Prompt
Print the line containing "Dron DJI Mini 2 FMC fly more combo" and every later line of the records. Keep each one exactly as given, ending with the last.

(Dataset excerpts)

******************************

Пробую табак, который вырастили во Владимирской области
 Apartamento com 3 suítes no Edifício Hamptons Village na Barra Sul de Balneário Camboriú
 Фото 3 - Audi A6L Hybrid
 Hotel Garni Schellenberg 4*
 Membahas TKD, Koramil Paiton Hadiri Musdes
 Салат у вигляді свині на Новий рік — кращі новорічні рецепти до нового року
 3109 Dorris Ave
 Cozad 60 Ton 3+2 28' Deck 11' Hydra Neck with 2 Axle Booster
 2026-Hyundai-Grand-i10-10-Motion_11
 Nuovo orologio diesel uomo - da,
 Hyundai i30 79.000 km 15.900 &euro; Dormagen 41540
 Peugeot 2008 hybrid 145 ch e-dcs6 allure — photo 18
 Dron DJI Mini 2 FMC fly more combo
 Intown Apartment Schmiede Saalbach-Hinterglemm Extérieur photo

******************************

Reply to the task
 Dron DJI Mini 2 FMC fly more combo
 Intown Apartment Schmiede Saalbach-Hinterglemm Extérieur photo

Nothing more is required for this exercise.